Goodwill and Other Intangible Assets for more information regarding our 2024, 2023, and 2022 goodwill impairments. Recent Accounting Pronouncements For information with respect to recent accounting pronouncements and the impact of these pronouncements on our consolidated financial statements, refer to Note 2.
Performing a quantitative goodwill impairment test includes the determination of the fair value of a reporting unit and involves significant estimates and assumptions. These estimates and assumptions include, among others, revenue growth rates and operating margins used to calculate projected future cash flows, risk-adjusted discount rates, future economic and market conditions, and the determination of appropriate market comparables.
Performing a quantitative goodwill impairment test includes the determination of the fair value of a reporting unit and involves significant estimates and assumptions.
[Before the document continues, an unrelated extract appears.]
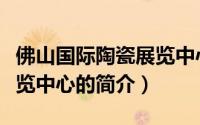 佛山国际陶瓷展览中心（关于佛山国际陶瓷展览中心的简介）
These estimates and assumptions include, among others, revenue growth rates and operating margins used to calculate projected future cash flows, risk-adjusted discount rates, and future economic and market conditions. See Note 5.
After giving effect to such sale and principal payments on the Term Loans, $258.5 million of the Term Loans has an effective annualized fixed interest rate of 5.4%, and the remaining principal outstanding at December 31, 2023 of $223.5 million has a floating interest rate of 9.2% based on the interest rate as described in “Note 7. Debt.
After giving effect to such sale and principal payments on the Term Loans, $255.8 million of the Term Loans has an effective annualized fixed interest rate of 5.4%, and the remaining principal outstanding at December 31, 2024 of $37.9 million has a floating interest rate of 8.2% based on the interest rate as described in “Note 7. Debt.
The effect of a hypothetical 10% change in foreign currency exchange rates applicable to our business would have resulted in a change in revenue of $7.3 million for the year ended December 31, 2023. To date, we have not engaged in any hedging strategies.
The effect of a hypothetical 10% change in foreign currency exchange rates applicable to our business would have resulted in a change in revenue of $6.1 million for the year ended December 31, 2024. To date, we have not engaged in any hedging strategies.
A valuation allowance is established against our deferred tax assets to reduce their carrying value to an amount that is more likely than not to be realized. As of December 31, 2023 we recorded a valuation allowance of $41.3 million against our deferred tax assets.
A valuation allowance is established against our deferred tax assets to reduce their carrying value to an amount that is more likely than not to be realized. As of December 31, 2024 we recorded a valuation allowance of $50.4 million against our deferred tax assets.
This objective is accomplished currently by making diversified investments, consisting only of money market mutual funds and certificates of deposit. As of December 31, 2023, we had $211.7 million in money market mutual funds.
This objective is accomplished currently by making diversified investments, consisting only of money market mutual funds and certificates of deposit. As of December 31, 2024, we had $40.4 million in money market mutual funds.
Based on the Company’s balance of money market mutual funds at December 31, 2023, a hypothetical change of 100 basis point could have resulted in a $2.1 million change in interest income.
Based on the Company’s balance of money market mutual funds at December 31, 2024, a hypothetical change of 100 basis points could have resulted in a $1.4 million change in interest income.
Removed
The interest rate associated with our $60 million, 5 year, revolving credit facility remains floating. As of December 31, 2023, we had an outstanding balance of $482.1 million under our Credit Facility.
Added
Foreign Currency Exchange Risk Our customers are generally invoiced in the currency of the country in which they are located.